Work to be completed. Transcribe exactly the lines from the one containing "Toyota Corolla 2011 photo 2" through the end of the data, both included. Leave out pictures.

Supplied data.
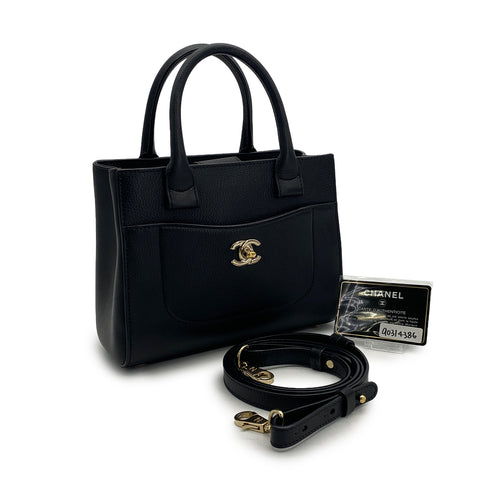 CHANEL TURN LOCK HAND SHOULDER BAG BLACK CAVIAR SKIN GOLD HARDWARE 90314386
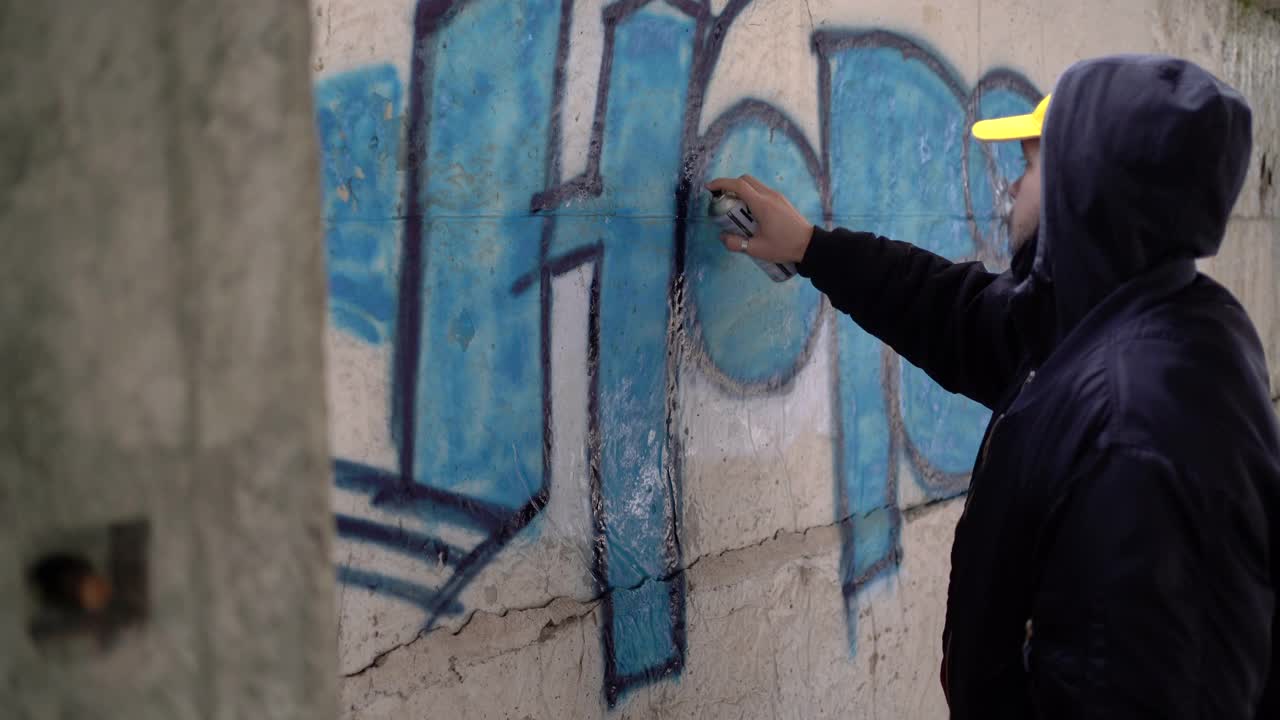 街头艺术家在普通的墙上涂鸦视频下载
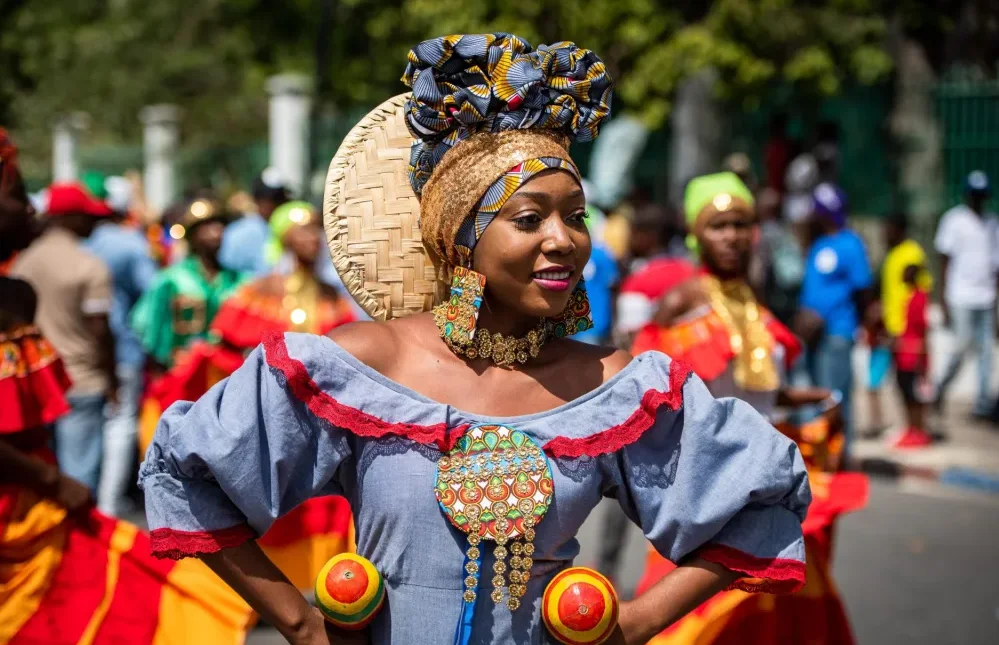 Poukisa moun pale franse an Ayiti?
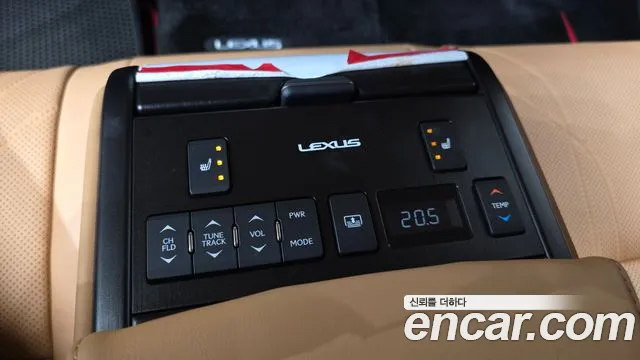 Lexus ES — Фото автомобиля 29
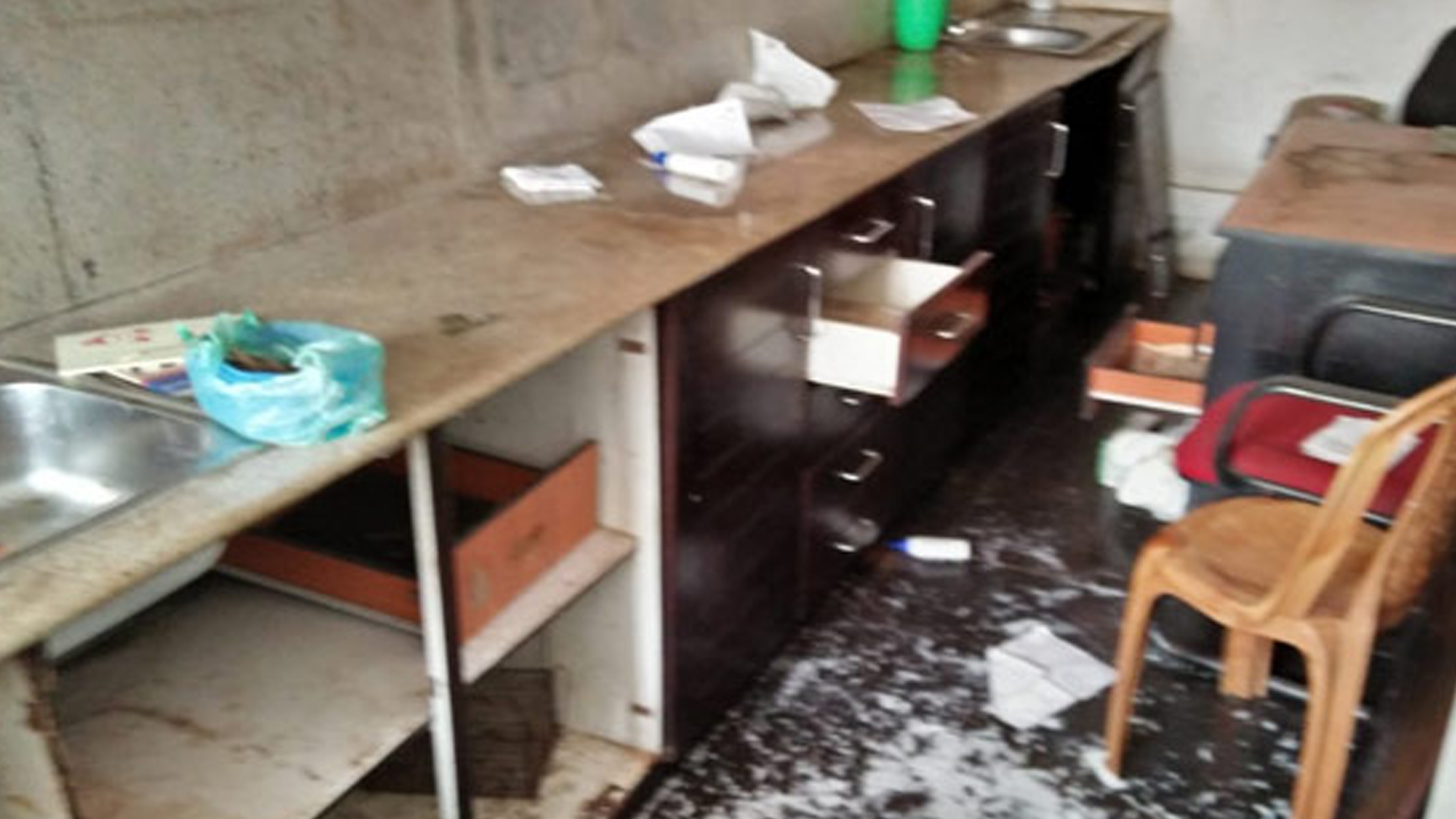 শ্রীলঙ্কার প্রধানমন্ত্রীর বাসভবনে চুরির অভিযোগে মামলা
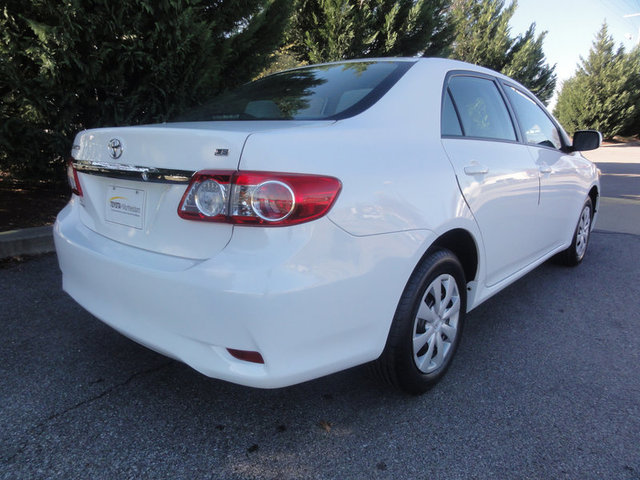 Toyota Corolla 2011 photo 2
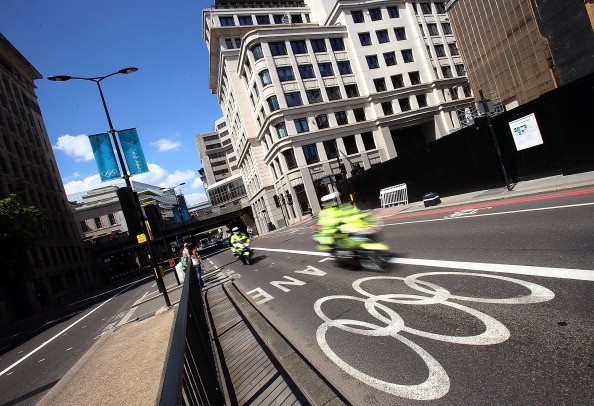 Đường phố London cũng dần nóng lên với không khí của Olympic 2012.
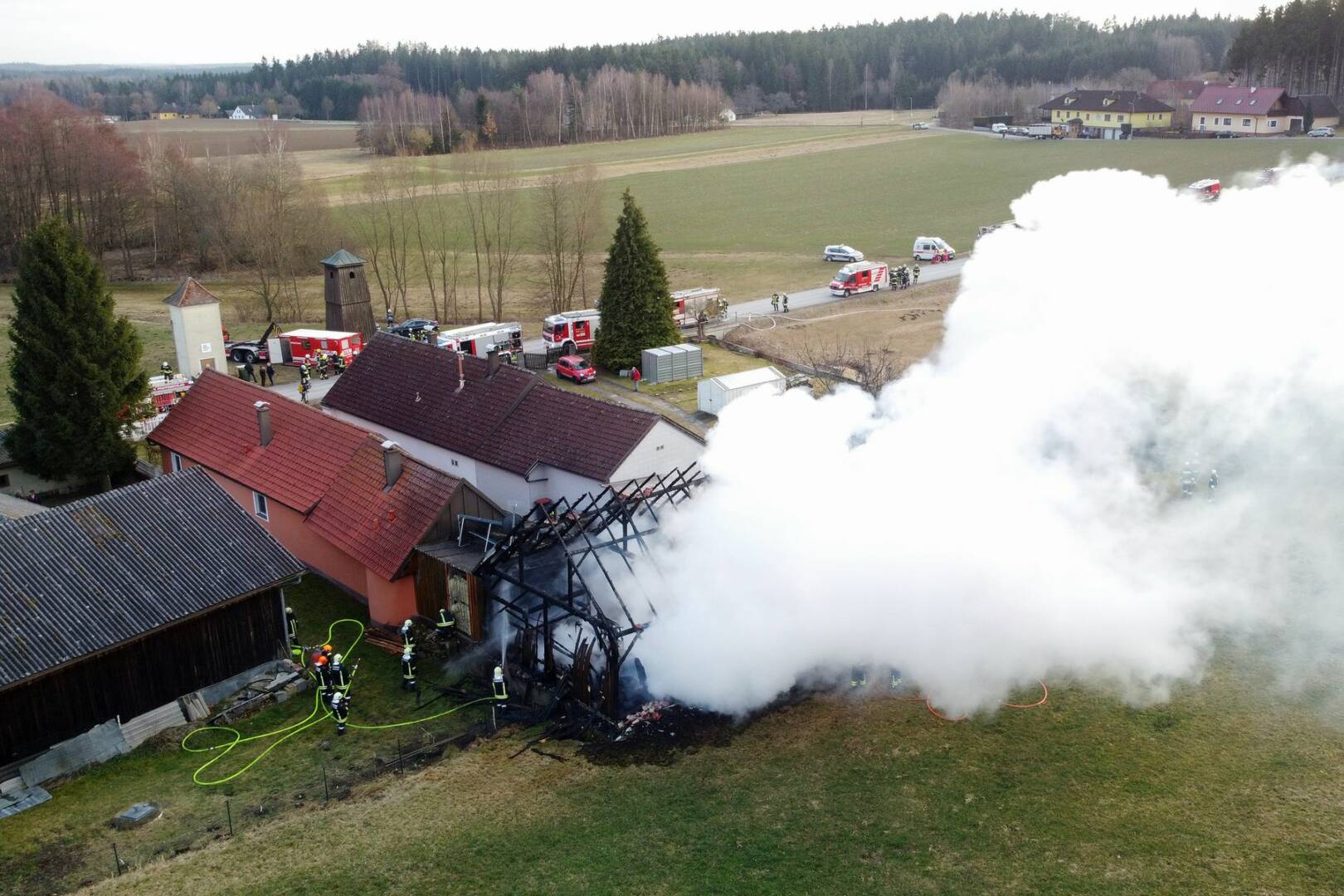 BFK Waidhofen/Thaya: Schuppen in Eisenreichs abgebrannt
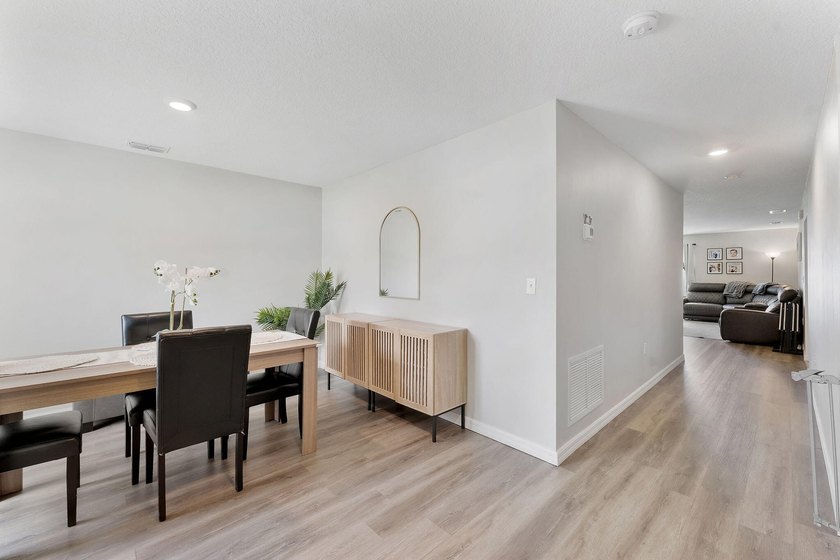 Discover this stunning 4 bedroom, 2 bathroom single family home - photo 5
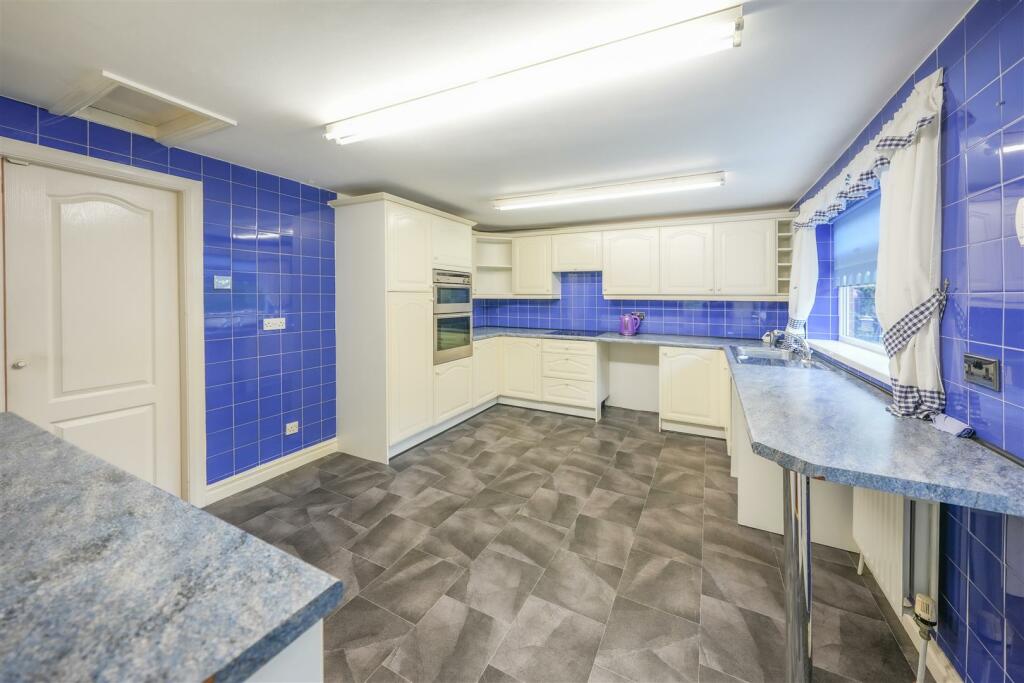 BREAKFASTING KITCHEN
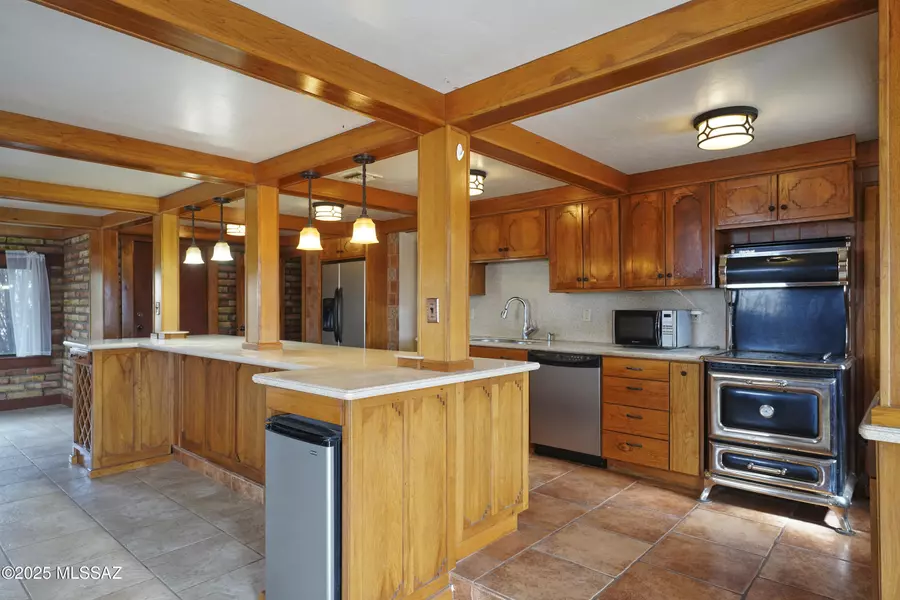 9084 E Sky Ranch Road, Portal, AZ 85632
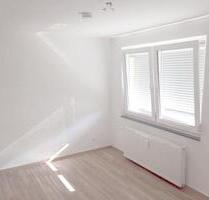 Sehr schöne, helle 2 Zi - mit EBK, Balkon und Autostellplatz in Konstanz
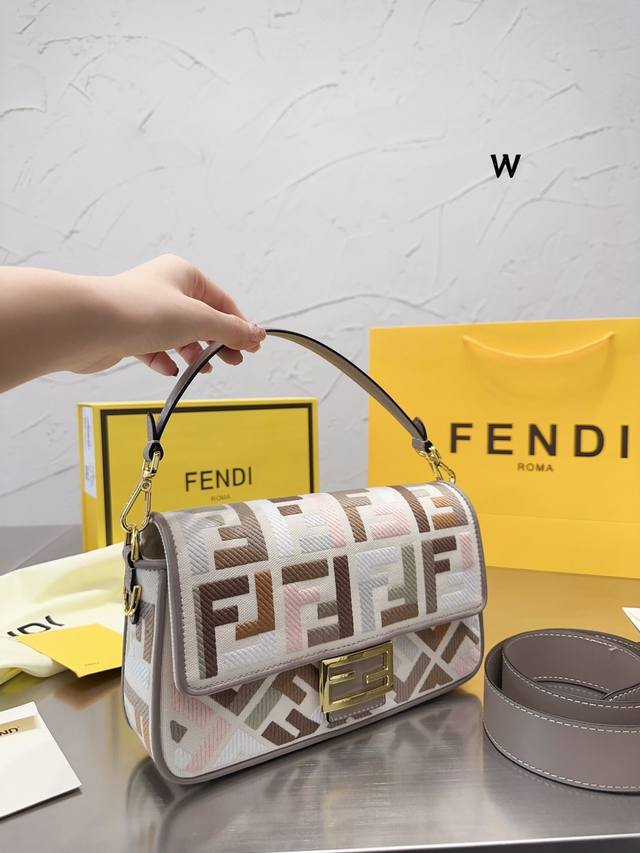 折叠盒fendi Baguette法棍包中号第一眼就觉得砸中了我 加上中号有一根较长的肩带 非常实用 中号的装两个手机 钱包 钥匙 墨镜 口红 粉饼都毫无压力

Task result.
 Toyota Corolla 2011 photo 2
 Đường phố London cũng dần nóng lên với không khí của Olympic 2012.
 BFK Waidhofen/Thaya: Schuppen in Eisenreichs abgebrannt
 Discover this stunning 4 bedroom, 2 bathroom single family home - photo 5
 BREAKFASTING KITCHEN
 9084 E Sky Ranch Road, Portal, AZ 85632
 Sehr schöne, helle 2 Zi - mit EBK, Balkon und Autostellplatz in Konstanz
 折叠盒fendi Baguette法棍包中号第一眼就觉得砸中了我 加上中号有一根较长的肩带 非常实用 中号的装两个手机 钱包 钥匙 墨镜 口红 粉饼都毫无压力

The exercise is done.